» Supplied records
________
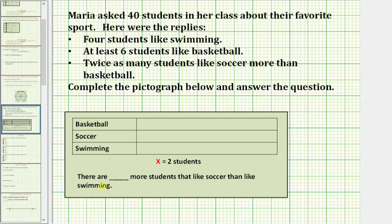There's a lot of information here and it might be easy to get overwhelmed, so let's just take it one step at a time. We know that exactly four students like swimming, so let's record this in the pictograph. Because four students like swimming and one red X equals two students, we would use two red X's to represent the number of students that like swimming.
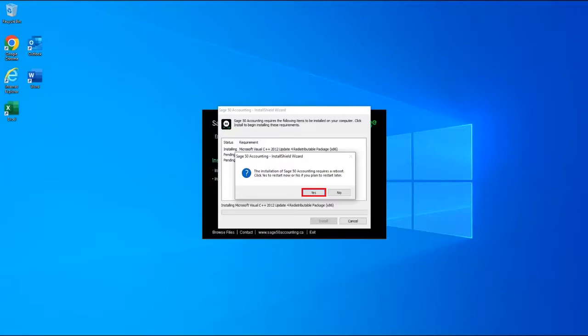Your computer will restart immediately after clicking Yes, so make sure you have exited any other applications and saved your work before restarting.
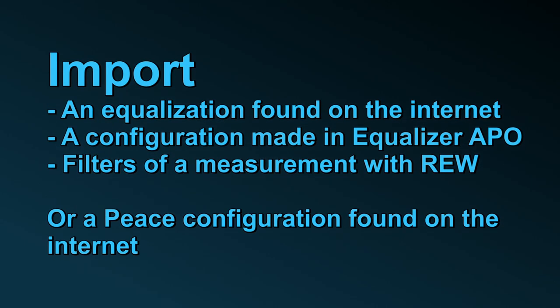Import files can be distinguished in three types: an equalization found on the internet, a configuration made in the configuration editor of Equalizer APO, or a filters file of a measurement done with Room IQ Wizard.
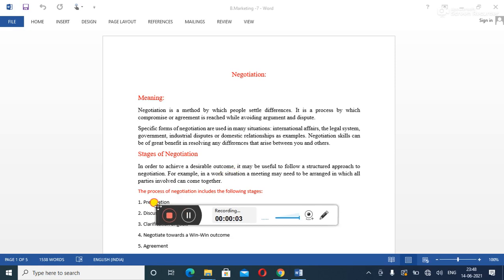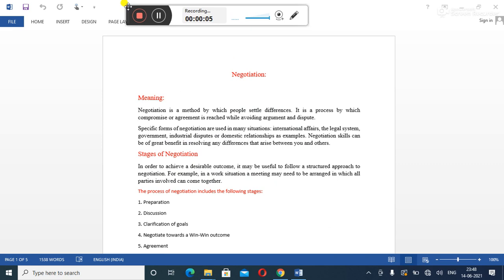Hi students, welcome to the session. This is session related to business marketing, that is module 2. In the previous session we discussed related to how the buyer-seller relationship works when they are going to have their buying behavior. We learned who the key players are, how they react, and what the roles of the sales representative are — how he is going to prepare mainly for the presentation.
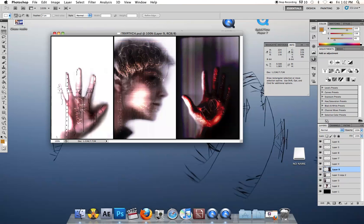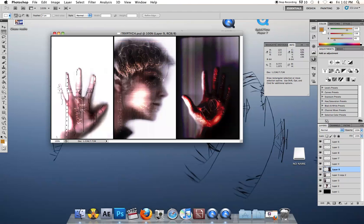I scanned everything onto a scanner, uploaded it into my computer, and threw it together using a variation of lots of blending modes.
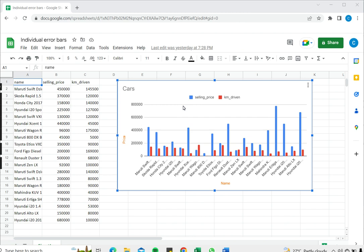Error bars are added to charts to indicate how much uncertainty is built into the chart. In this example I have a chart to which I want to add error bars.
________
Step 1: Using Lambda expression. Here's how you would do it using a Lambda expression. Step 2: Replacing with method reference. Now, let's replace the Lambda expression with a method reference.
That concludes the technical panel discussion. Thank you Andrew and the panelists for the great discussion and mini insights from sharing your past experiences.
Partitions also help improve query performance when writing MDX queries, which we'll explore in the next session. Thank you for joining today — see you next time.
________
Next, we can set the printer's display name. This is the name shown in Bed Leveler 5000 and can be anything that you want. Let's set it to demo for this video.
________
» Required work
Treat the line with "There's a lot" as the start and the line with "Your computer will" as the end, and return exactly that span of the data above, both ends included, without pictures.

» Exercise output
There's a lot of information here and it might be easy to get overwhelmed, so let's just take it one step at a time. We know that exactly four students like swimming, so let's record this in the pictograph. Because four students like swimming and one red X equals two students, we would use two red X's to represent the number of students that like swimming.
Your computer will restart immediately after clicking Yes, so make sure you have exited any other applications and saved your work before restarting.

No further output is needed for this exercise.